2008年6月7日

芸術の趣味について

道徳的でない芸術は単に品がないということだ。肩書きが一代限りのものであればこそ、後生の目には卑しい芸の担い手が、過去にはあたかも仰がれていたことも理解されよう。それは野蛮人の目は磨かれていないからだ。品のない芸術家が最もはやく流行から落ちこぼれていく理由も同じである。当世の一般社会より趣味が劣る芸術など省みる価値は皆無だ。人はミケランジェロが遥かに野卑だったギリシアの古代装飾を勘違いして、いたずらにまねた裸像を人前に飾ったことに失笑する。芸術は権威によってではなく、各自の趣味によって批評される。さもなければ文化は永久に古代の野卑な状態から洗練されはしまい。
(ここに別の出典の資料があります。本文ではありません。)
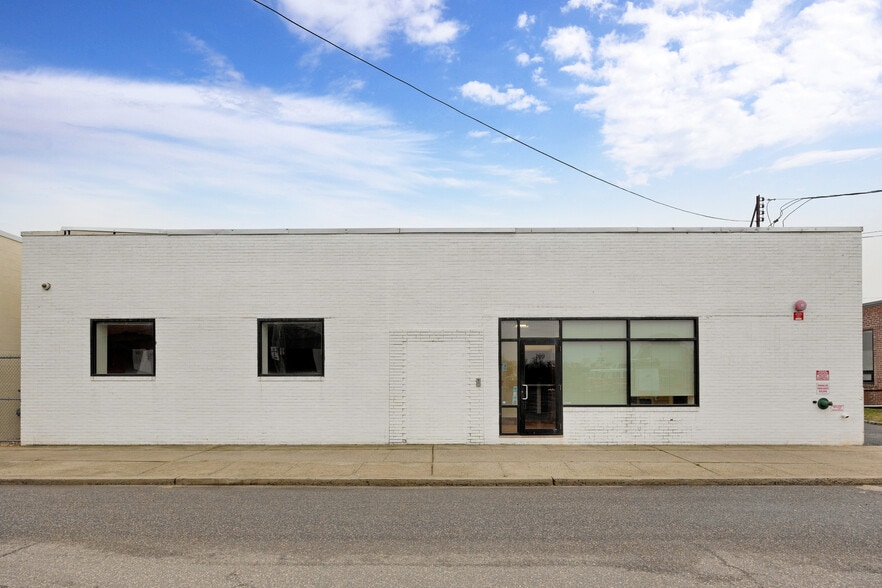 169 Liberty Ave, Mineola, NY à louer - Photo de l’immeuble – Image 3 sur 24
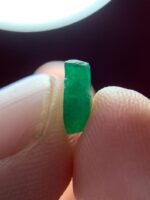 1.20ct Swat Emerald Crystal: Vivid Green Gemstone - Image 6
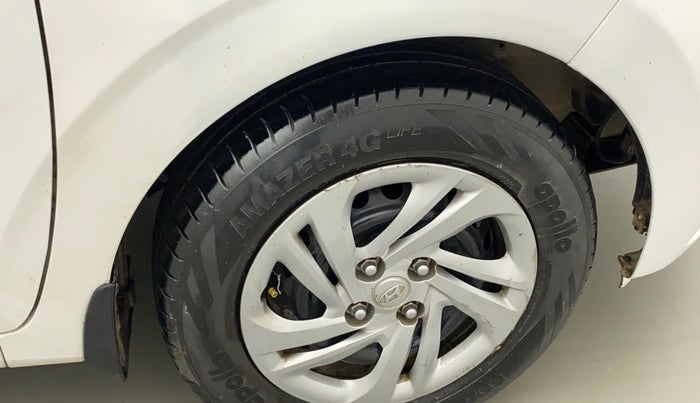 2021 Hyundai AURA S 1.2 CNG, CNG, Manual, 76,440 km, Right fender - Lining loose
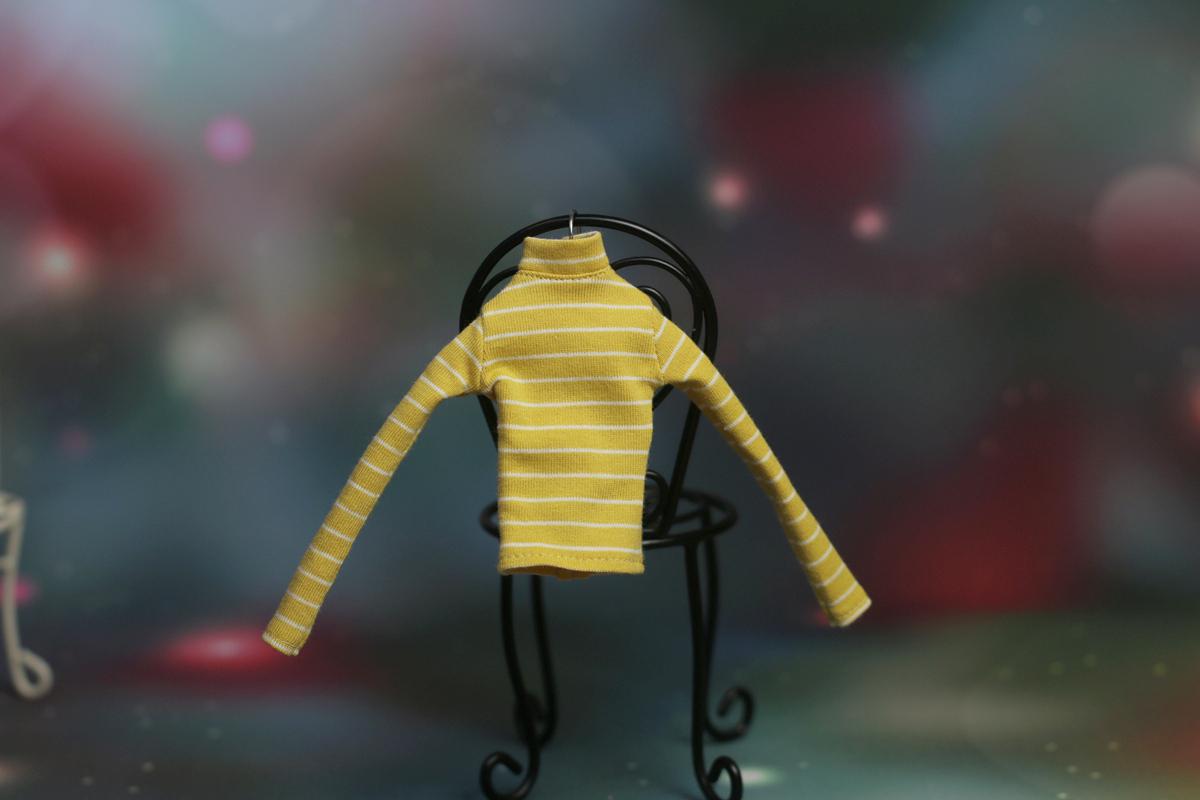 人形服a52-05(黄色いボーダー)ハイネック長袖Tシャツ細身momokoジェニー用拍卖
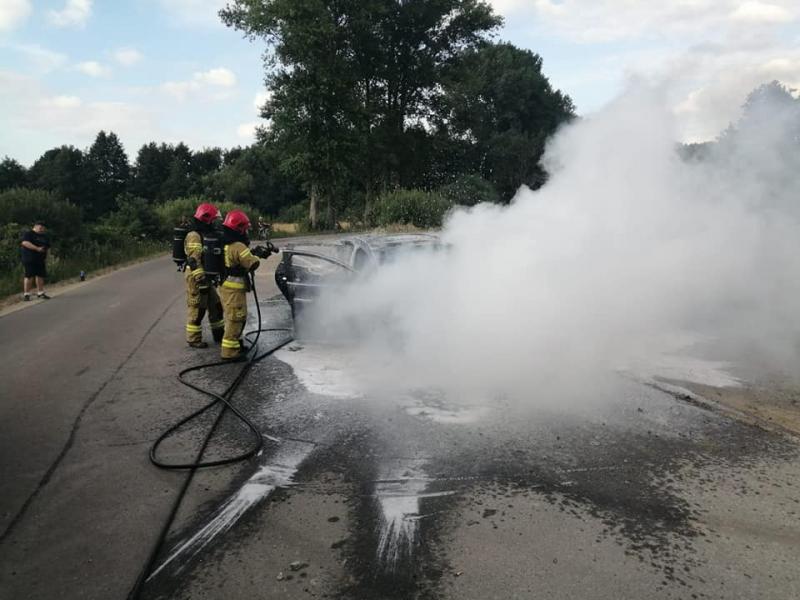 Pożar samochodu w powiecie Białogardzkim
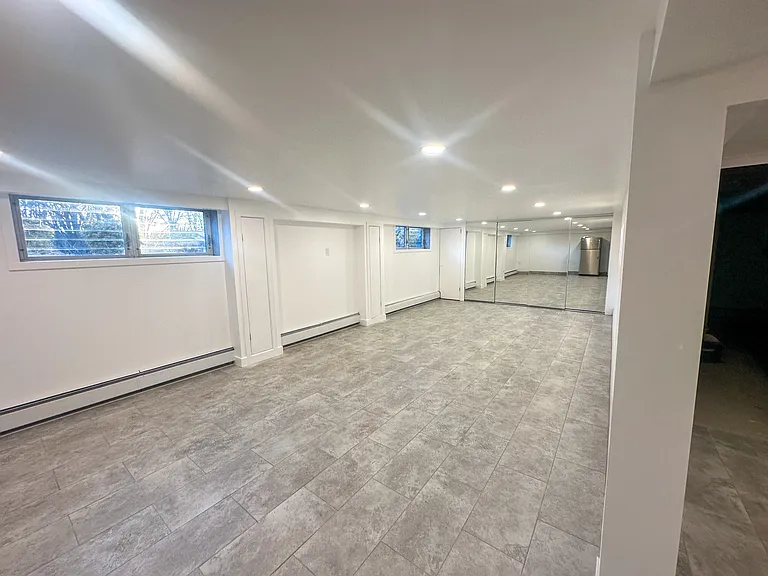 36 Roosevelt Ave — Photo 17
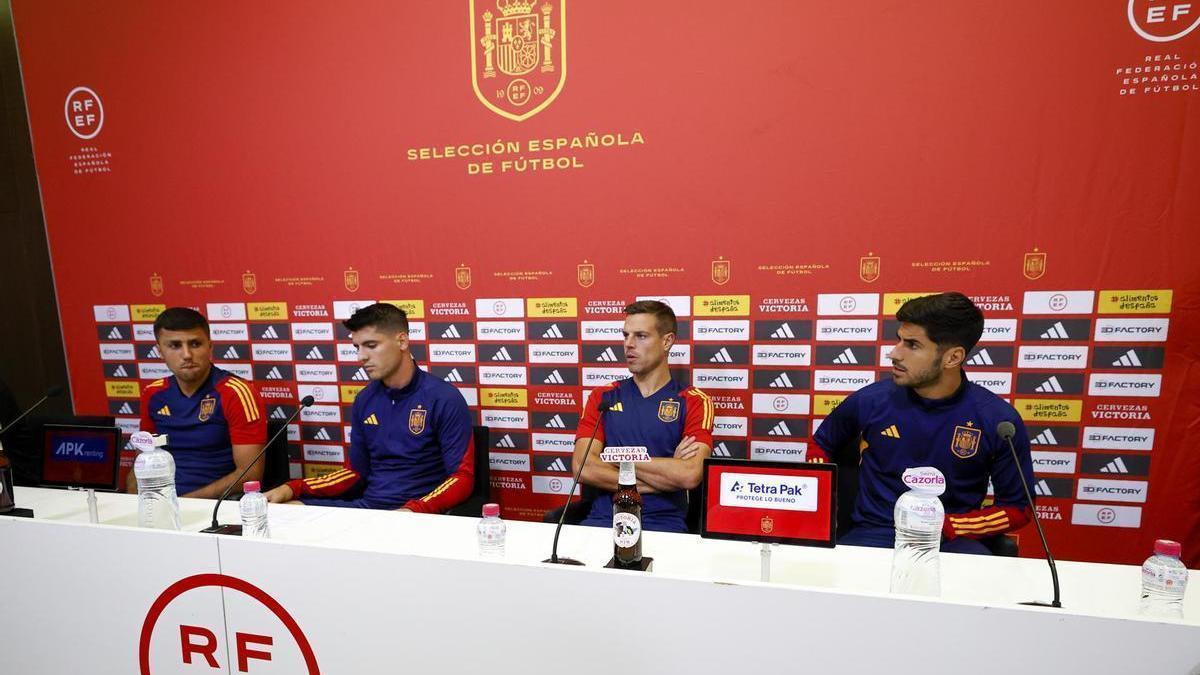 Álvaro Morata (2i), César Azpilicueta (2d), Rodrigo Hernández (i) y Marco Asensio, capitanes de la Selección española absoluta, durante su comparecencia,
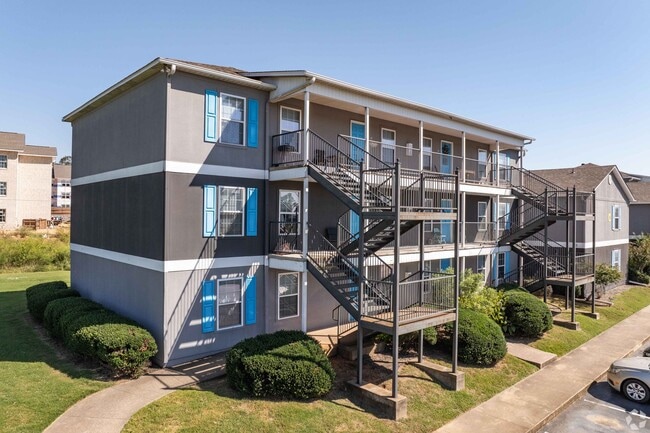 Apartments For Rent With Backyard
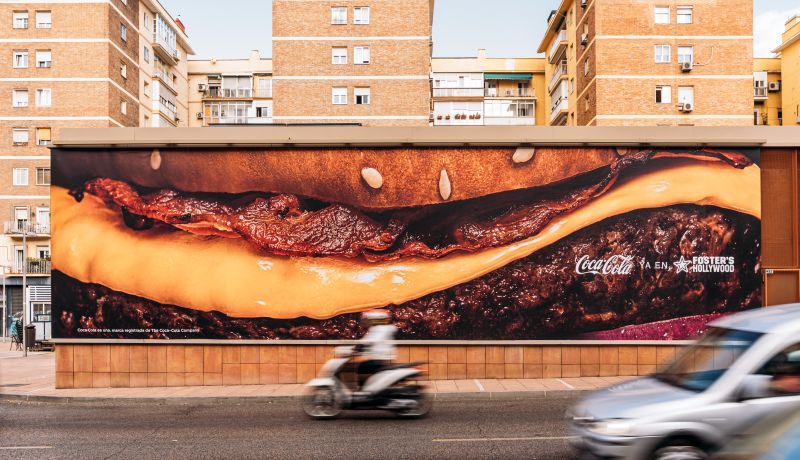 Affiche Coca-Cola au message énigmatique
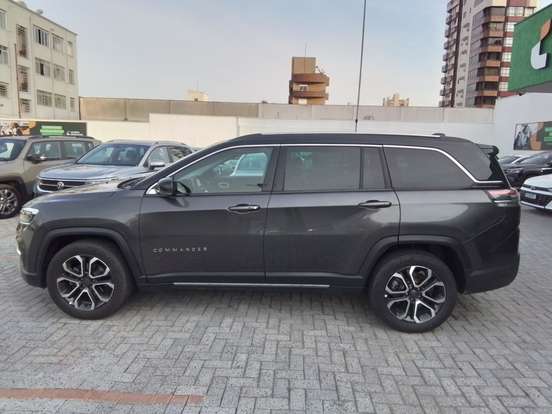 JEEP-COMMANDER-2024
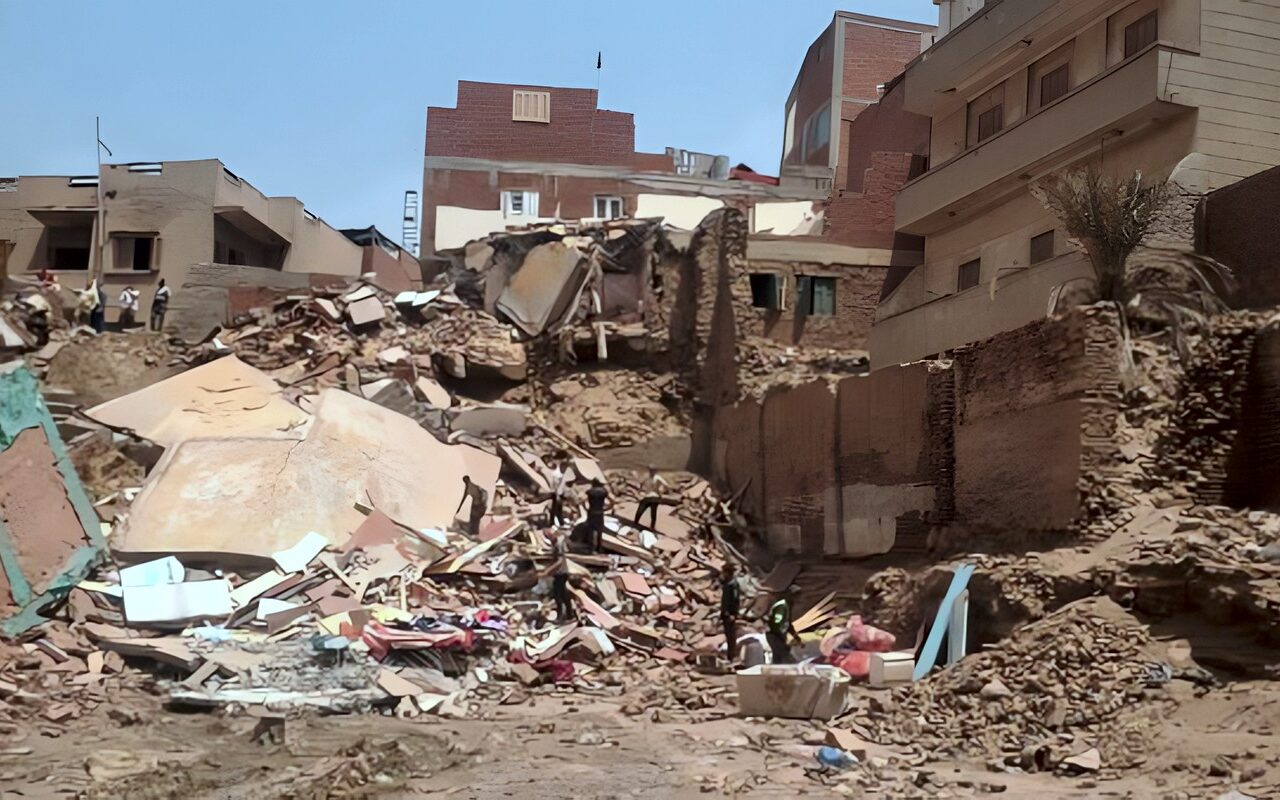 خلف مسجد الشاذلية.. تفاصيل انهيار منزل قديم في سوهاج ونفوق عجل صغير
 また単に新しいものだから趣味が良いとは当然言えない。道徳的高尚を達し得た古代文化の品々は屡々、現代人の全域を優るだろう。要は品を語るための美術。だから教師より生まれつき優れた感覚の生徒にはいかなる啓発も無意味だし、万が一もともと鈍感であるならその感性を飽くまで強調する結末に至るだけだ。美術とされる時間がほかの芸術活動、たとえば音楽や体育競技と同じ様に趣味的でなければならないのはこのためである、と私は思う。美術教育という事が無理であるかぎりそれは互いのかけがえない天性を慈しむ様にしつらえられたゆとりの時間、いわば息抜きの教養に他ならないだろう。それ以上の美術の教養という事がありうる、という言説は古今偉人の啓蒙を待つばかりだ。福澤が趣味芸術について、「自然に憶えるもので、特に教育を施す必要は認めない」と云ったのには先見の明がある。しかし子供のためにも心身の息抜きを奪う事は却って害になるだろう。副芸術としての演劇を含む芸術活動は、たとえ先例がのりこえるべき凡例にしかならずとも風紀健全のためには常に、学校内の一角を占めているべきだと私は思う。